OSU percussionist Bob Brudvig is leading a five-person ensemble in a practice session on the second floor of historic Benton Hall. It may be winter in Corvallis, but the music makes you forget the drizzle outside. It evokes palm trees, Caribbean sun and pre-Lenten carnivals. Brudvig works the melody on his chrome-plated steel drum, tapping out notes in rapid succession to an arrangement of “Gimme de Ting” by Trinidadian calypso legend Lord Kitchener. A bass guitar and marimba harmonize as bongos and drums carry the rhythm. Time to dance.

The group sometimes known as Dr. Bob’s Steel Drum Extravaganza, according to Sam Kincaid, band member and recording specialist in the OSU music department, has been bringing its energetic sound to Willamette Valley performance stages, weddings and other events for the past two years. Its repertoire emphasizes calypso and soca (an up-tempo dance form developed from calypso), traditions from Trinidad where its signature instrument, the steel drum or pan, was born.

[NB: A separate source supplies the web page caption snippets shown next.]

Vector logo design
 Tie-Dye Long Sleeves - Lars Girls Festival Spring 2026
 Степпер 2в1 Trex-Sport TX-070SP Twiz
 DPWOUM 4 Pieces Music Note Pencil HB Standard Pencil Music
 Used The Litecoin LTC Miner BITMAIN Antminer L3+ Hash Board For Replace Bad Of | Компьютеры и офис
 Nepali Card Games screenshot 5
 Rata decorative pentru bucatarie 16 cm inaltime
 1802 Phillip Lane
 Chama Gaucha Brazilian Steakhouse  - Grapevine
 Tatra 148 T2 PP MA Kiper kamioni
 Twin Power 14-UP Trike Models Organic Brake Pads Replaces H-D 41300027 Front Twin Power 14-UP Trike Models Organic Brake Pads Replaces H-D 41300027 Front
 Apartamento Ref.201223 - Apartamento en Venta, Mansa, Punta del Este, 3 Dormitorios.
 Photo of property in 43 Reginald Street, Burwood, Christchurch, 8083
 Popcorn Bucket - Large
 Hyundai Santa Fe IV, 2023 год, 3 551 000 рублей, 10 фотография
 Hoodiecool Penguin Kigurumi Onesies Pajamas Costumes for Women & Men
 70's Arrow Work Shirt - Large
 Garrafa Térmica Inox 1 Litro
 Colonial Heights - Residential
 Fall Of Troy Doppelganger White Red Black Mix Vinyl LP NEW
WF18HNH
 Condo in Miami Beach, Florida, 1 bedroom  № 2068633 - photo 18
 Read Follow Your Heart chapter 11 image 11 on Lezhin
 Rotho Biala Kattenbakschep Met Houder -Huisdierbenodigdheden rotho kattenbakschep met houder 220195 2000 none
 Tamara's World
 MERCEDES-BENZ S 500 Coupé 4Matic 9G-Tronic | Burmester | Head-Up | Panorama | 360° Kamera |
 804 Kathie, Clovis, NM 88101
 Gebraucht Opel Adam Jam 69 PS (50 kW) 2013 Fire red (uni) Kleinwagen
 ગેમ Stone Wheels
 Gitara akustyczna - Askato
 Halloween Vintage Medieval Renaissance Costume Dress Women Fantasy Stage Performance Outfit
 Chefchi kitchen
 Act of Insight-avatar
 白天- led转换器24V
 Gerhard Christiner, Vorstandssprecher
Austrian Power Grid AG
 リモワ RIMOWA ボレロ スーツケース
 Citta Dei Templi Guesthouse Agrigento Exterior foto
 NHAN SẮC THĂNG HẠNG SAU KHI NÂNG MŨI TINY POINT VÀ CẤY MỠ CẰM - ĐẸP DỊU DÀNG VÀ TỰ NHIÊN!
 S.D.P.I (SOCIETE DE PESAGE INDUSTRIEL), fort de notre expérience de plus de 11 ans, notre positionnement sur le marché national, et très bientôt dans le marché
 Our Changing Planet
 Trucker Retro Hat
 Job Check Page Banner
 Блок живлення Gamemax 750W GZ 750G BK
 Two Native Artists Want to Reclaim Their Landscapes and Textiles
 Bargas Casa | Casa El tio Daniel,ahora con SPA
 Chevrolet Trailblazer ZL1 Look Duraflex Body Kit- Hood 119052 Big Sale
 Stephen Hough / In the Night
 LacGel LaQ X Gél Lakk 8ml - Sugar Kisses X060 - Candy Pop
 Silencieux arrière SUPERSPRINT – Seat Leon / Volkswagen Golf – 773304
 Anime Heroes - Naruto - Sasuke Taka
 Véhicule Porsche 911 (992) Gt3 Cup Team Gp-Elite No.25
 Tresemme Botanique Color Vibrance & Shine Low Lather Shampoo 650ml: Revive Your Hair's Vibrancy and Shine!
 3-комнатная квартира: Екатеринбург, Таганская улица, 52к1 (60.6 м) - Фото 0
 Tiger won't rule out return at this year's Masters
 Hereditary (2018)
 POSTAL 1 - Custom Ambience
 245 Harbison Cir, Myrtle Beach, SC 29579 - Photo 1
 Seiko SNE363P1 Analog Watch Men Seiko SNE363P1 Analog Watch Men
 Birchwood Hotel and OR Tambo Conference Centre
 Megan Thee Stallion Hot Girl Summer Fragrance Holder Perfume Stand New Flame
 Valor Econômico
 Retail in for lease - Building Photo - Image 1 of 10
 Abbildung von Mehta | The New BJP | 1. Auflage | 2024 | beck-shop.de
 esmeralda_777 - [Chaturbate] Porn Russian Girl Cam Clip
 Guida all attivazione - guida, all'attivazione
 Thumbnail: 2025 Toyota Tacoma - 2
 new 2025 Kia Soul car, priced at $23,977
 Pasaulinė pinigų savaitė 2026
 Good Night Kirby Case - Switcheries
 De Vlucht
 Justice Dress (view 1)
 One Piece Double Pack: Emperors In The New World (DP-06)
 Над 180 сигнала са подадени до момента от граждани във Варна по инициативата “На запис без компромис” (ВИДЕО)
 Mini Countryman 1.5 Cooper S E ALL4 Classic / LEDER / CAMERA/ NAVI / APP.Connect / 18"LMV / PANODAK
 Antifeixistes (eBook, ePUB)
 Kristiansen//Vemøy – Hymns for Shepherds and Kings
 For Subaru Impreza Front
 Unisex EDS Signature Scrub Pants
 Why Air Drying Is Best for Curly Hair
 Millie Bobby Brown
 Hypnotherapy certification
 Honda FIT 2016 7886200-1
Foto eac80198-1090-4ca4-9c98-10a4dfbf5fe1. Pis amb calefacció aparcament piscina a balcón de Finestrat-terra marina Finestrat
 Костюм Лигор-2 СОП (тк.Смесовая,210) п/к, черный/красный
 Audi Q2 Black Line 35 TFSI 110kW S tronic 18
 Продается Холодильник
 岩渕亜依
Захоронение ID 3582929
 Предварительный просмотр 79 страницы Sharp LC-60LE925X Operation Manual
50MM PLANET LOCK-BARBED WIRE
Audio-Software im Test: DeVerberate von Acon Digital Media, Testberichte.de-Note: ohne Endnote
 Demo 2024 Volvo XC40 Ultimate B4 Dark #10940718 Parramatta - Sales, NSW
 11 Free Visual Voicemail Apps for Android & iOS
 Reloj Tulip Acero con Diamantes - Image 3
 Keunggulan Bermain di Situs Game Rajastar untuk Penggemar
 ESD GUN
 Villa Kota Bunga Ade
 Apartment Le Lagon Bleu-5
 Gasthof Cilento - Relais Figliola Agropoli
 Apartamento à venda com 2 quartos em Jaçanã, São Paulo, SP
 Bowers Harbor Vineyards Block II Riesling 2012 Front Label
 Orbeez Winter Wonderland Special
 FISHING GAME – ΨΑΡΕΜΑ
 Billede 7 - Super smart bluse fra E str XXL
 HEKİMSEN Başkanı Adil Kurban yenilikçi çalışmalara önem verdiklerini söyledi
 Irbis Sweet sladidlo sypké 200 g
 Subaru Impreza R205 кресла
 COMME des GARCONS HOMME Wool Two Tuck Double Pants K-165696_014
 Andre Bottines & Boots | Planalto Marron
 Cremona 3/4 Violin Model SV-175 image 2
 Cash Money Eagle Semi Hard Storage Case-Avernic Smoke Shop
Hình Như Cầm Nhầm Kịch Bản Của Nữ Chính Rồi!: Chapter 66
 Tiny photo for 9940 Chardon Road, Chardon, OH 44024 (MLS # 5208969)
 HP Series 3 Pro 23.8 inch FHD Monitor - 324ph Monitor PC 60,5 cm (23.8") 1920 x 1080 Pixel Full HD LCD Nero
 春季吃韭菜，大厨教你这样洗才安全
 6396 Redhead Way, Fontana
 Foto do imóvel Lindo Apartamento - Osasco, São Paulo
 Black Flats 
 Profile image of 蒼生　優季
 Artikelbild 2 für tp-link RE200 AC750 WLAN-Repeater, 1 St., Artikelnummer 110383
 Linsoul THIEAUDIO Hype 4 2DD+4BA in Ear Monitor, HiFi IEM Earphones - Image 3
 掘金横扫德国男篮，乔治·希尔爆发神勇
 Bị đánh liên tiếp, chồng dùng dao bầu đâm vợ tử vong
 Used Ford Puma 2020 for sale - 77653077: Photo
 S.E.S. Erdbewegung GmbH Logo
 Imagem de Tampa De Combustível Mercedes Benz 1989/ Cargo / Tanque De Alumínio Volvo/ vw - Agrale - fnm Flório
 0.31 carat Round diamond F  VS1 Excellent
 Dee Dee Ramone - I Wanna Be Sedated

“You know what it is the minute you hear it,” says Kincaid, who, as co-owner of RQM Strings, also builds and sells hollow electric guitars. “It is really bright. Some pans are a little more mellow sounding, but once you hit those high notes, it really cuts through. It catches people’s attention just like that. If we’re playing outside, maybe a marimba piece, people will notice and keep walking. When you’re playing the pan, it pulls their attention in right away.”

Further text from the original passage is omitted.